» **Description of the task**:
Gather up every line from the entries below that uses the word "image".

» **Web page caption snippets**:
---
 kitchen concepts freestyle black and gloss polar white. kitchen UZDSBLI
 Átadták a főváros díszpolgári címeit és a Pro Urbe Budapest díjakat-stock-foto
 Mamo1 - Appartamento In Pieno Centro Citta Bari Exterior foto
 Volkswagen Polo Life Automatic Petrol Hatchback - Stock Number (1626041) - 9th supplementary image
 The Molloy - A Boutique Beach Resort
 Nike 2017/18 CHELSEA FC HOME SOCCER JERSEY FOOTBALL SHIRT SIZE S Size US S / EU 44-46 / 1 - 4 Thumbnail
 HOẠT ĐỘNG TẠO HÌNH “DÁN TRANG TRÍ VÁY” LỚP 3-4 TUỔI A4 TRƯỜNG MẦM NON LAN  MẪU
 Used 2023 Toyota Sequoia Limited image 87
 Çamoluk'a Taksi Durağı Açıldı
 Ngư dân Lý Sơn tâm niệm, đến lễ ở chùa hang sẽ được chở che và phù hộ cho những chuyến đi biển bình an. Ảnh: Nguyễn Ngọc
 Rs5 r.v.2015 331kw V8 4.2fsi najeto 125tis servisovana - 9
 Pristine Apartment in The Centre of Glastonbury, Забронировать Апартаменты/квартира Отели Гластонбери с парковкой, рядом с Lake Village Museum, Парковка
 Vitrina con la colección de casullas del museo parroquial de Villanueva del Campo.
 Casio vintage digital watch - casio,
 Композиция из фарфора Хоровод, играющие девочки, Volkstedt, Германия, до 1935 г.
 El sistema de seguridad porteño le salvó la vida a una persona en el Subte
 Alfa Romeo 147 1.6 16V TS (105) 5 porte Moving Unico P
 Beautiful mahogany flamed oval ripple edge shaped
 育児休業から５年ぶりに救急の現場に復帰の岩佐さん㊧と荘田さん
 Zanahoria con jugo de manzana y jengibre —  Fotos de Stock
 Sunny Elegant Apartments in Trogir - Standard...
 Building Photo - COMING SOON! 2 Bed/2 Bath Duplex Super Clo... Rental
---
» **Response area**:
 Volkswagen Polo Life Automatic Petrol Hatchback - Stock Number (1626041) - 9th supplementary image
 Used 2023 Toyota Sequoia Limited image 87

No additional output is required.